Jesus Christ, thought Salter. What a world these people live in. He pulled a scrap of paper from his pocket. ‘These conversations are entirely confidential, Professor, and I think I can trust you. This message was found in his mailbox in the hotel.’ He read it: ‘See you later. Wait for me. Jane.’
Pollock looked confused.
Gotcha, thought Salter.
Then: ‘Ah yes,’ Pollock said. ‘I knew all about Jane, of course. But she didn’t seem to be covered by your question. Jane is Jane Homer, Dean of Women at Wollstonecraft Hall. They were just old friends.’
‘I see.’ Salter made a note. ‘Now, Professor, I wonder if you would mind telling me everything about Summers that might help me to understand him. If I can get an idea of what kind of man he was it might help a great deal.’

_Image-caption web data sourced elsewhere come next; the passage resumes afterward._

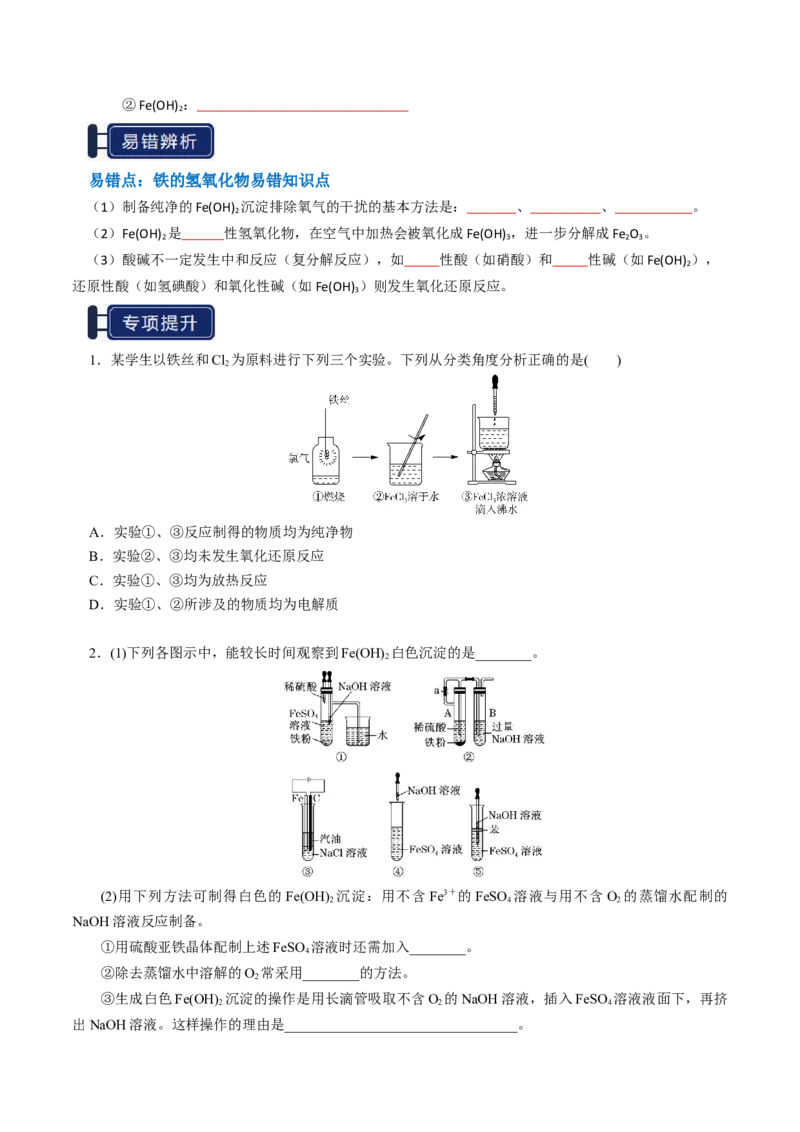知识清单06铁及其重要化合物（原卷版）_05高考化学_新高考复习资料_2025年新高考资料_上好课2025年高考化学一轮复习知识清单3246985
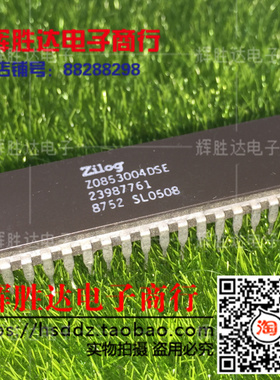 Z0853004DSE进口现货，集成电路IC 批量供应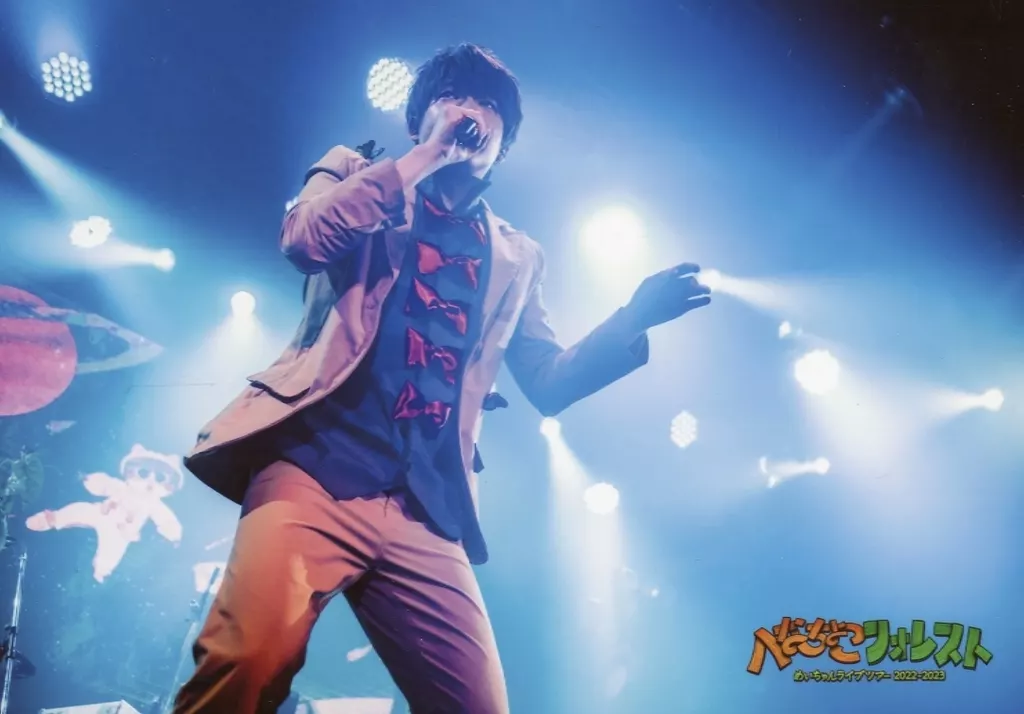 Meychan - Portrait - Utaite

Pollock began a seminar on his dead friend. Salter pretended to take notes to give Pollock’s words their proper value.
‘He was, I think, a good teacher, a very fair critic, a poor scholar, and a very poor student. He worked hard at his job here—too hard, probably; he had something interesting to say about what he was teaching, but he didn’t keep up with his field and he didn’t produce anything. His friends thought he failed to apply his talents, and his enemies accused him of having a butterfly mind. I think myself he had reached the age when it is now fashionable to change careers. The symptoms were that he had become involved in a whole host of activities in the last year or two that one could only see as distractions.’
‘Like?’
‘Like squash, Inspector. He took up squash last year, and played it four or five times a week. It was the high point of his day.’
‘Was he good?’
‘No. I played him after he had been playing for a year. He was no good at all. But among the people he played down at that club of his, he was able to find keen competition.’
‘What else?’
‘Making money. Obviously, he had decided to try and make his fortune, lie was always a bit of a gambler—poker, the races—that sort of thing—he bought every lottery ticket going—and lately he was dabbling in commodities.

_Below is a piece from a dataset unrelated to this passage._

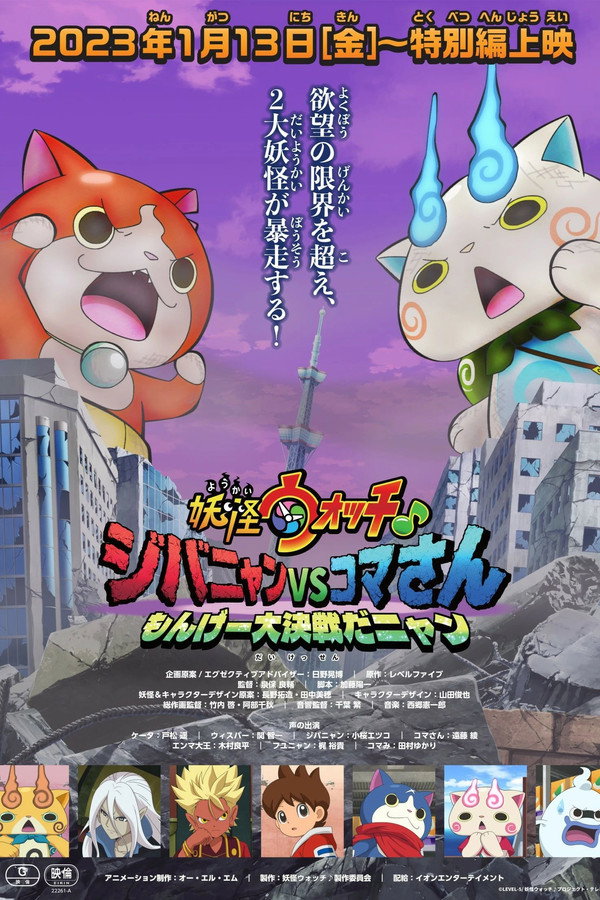 妖怪ウォッチ♪ ジバニャンVSコマさん もんげー大決戦だニャン 海报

‘Did he break out in any other ways?’
‘You want to know if he was having a “mid-life crisis”? I think that’s the jargon. Perhaps. He didn’t start to dress like a gypsy, though, or wear a wig, or any of the other symptoms I’ve heard about. No, if I understand the mid-life crisis, it is an attempt to have a few more years of boyhood in middle age, at least that’s how it manifests itself around here. Well, perhaps that’s what he was doing, but in his case the symptoms were a sudden renewed interest in games and in taking risks.’

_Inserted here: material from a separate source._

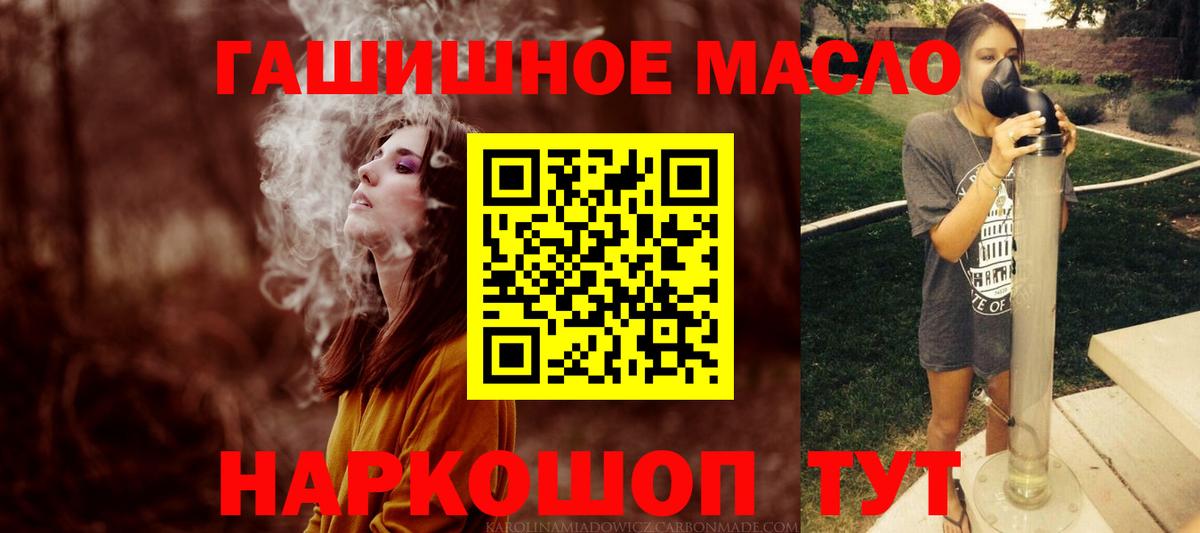 Обь  Дистиллят ТГК Wax  Вход с VPN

‘Who were his friends, Professor?’
‘Me, of course, and Marika. One or two others in the department enjoyed his company. Otherwise the people he and his wife socialized with. He didn’t have many friends, the way people use that term nowadays, but he tended to keep them.’
‘His enemies?’
‘A lot of people were wary of him. He had a bad habit of looking for the funny side of any situation, and sometimes he was witty at the expense of others. He teased people and they took offence. And teasing is a form of cruelty, isn’t it?’
‘I’m trying to understand the relationship between him and Dunkley,’ Salter said, coming to the point. ‘Can you help me there?’
‘Yes. I thought we’d come to that. You’ve heard Browne’s theory, no doubt, of a Conradian link?’